Member of the Samoa Parliament for Safata No. 2
- In office 4 March 2016 – 7 July 2021
- Preceded by: None (Seat established)
- Succeeded by: Laumatiamanu Ringo Purcell

Personal details
- Born: Fusi Safata
- Party: Human Rights Protection Party
- Alma mater: Marist Brothers Old Pupils' Association Samoa

= Nonu Lose Niumata =

Samoan politician

Nonu Lose Niumata is a Samoan politician and former Member of the Legislative Assembly of Samoa. He is a member of the Human Rights Protection Party.

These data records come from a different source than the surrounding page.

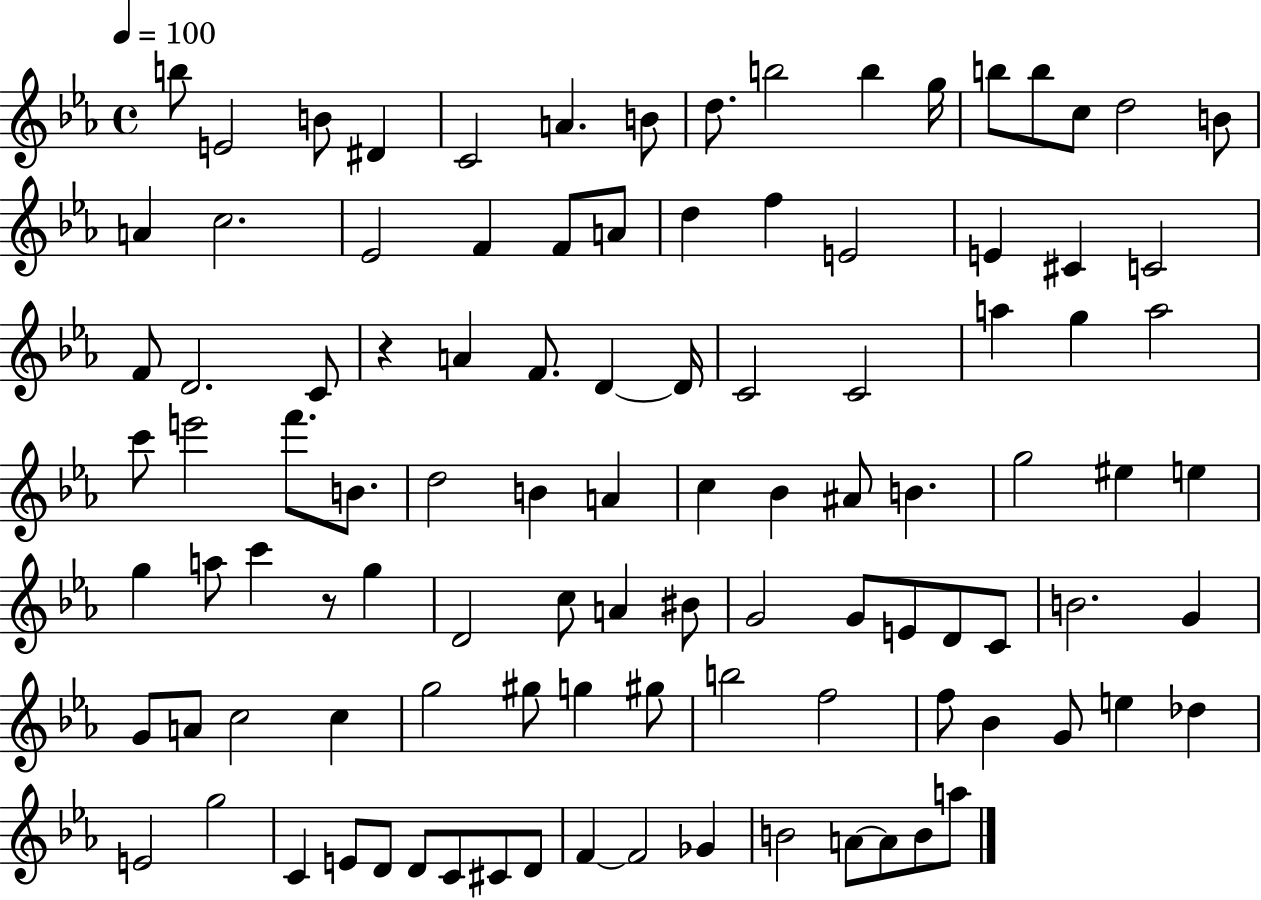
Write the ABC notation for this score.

X:1
T:Untitled
M:4/4
L:1/4
K:Eb
b/2 E2 B/2 ^D C2 A B/2 d/2 b2 b g/4 b/2 b/2 c/2 d2 B/2 A c2 _E2 F F/2 A/2 d f E2 E ^C C2 F/2 D2 C/2 z A F/2 D D/4 C2 C2 a g a2 c'/2 e'2 f'/2 B/2 d2 B A c _B ^A/2 B g2 ^e e g a/2 c' z/2 g D2 c/2 A ^B/2 G2 G/2 E/2 D/2 C/2 B2 G G/2 A/2 c2 c g2 ^g/2 g ^g/2 b2 f2 f/2 _B G/2 e _d E2 g2 C E/2 D/2 D/2 C/2 ^C/2 D/2 F F2 _G B2 A/2 A/2 B/2 a/2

Niumata is from the villages of Fusi (Suli moni ole Manu'a le Sagalala), Fausaga (Aiga Toleafoa), Vaie'e (Aiga Te'o) and Tafitoala Safata. He spent 27 years working for Samoa's Accident Compensation Corporation, 20 of them as chief executive officer (CEO). After retiring, he was elected to the Legislative Assembly of Samoa in the 2016 Samoan general election.

He is a Chartered Accountant with Samoa Institute of Accountants, and a former President of Samoa Institute of Accountants for 3 consecutive years.

He was re-elected in the 2021 election. On 7 July 2021 he resigned as part of the settlement of an electoral petition.